Apart from that, there is some stuff going on in other aspects of life which I will eventually need to address in some locked posts.

Meanwhile, here are some phrases that people searched when they found this LJ:

tricks to a great fa'arapu - Keep your feet super close together. Bend your knees. When walking, go up on your toes. PRACTICE. :)

she looked at him again and smiled as she undid the buttons of his shirt. he felt her doughy fingers on him - Hmm, that is a part of my ms that I posted for a meme that a literary agent sent around. That was fun, but who is googling my phrase?
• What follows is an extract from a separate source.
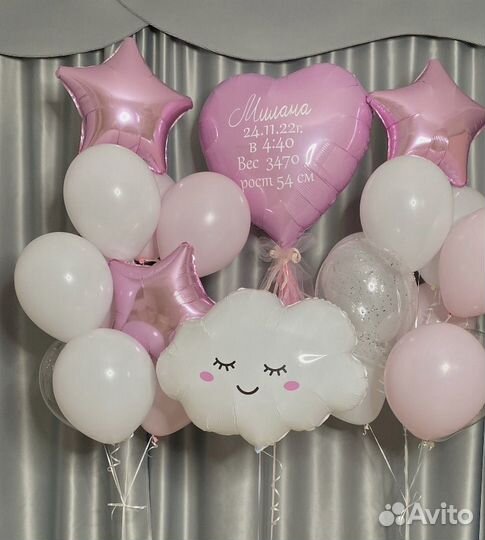 Воздушные шары и шарики на выписку из роддома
O_O

who is the father of kaumakaiwa kanakaole - Kaipo Frias? I think?

silmaryn for dogs - It's good stuff, but expensive if you get it from the vet. I'm not sure where else to get it, BUT, if the liver problem is not acute, then straight up milk thistle can help. :)

i'm stuck in my bra - O_O I'm sorry to hear that. This happened to me once, when I had to wear a halter heart monitor.

hypochondria als ms fears - I went through this recently. If you want to talk, send me a message. :)

how long does milk thistle take to work - That depends on what the issue is, the severity, your age, size, and the dose. But often you can get results in a few weeks.

sifu sihing sije - Your training instructor (translates to "uncle," actually,) your elder training brother, and your elder training sister.

ewan mcgregor pillow penis - I'd sleep on it!

hesher std - I thought so, too!

"illusionary crime against sephiroth" - I always liked how Cloud was the only one who acknowledged that Sephiroth was actually a victim, as well as a villain.

why does my cornea peel - Maybe your eyes are dry?

Anyway, I hope at least a few of you found what you were looking for. That's nice when that happens, isn't it?




TREEFROGS!

Apr. 24th, 2012 10:25 pm
la_belle_laide: (Wildflowers)
Actually, I heard them last night. Must have been the rain that got them all excited.

I just always like to write about when I hear treefrogs in the spring. It's important to keep track of these things.

ETA: Holy crap, I said the same thing last year.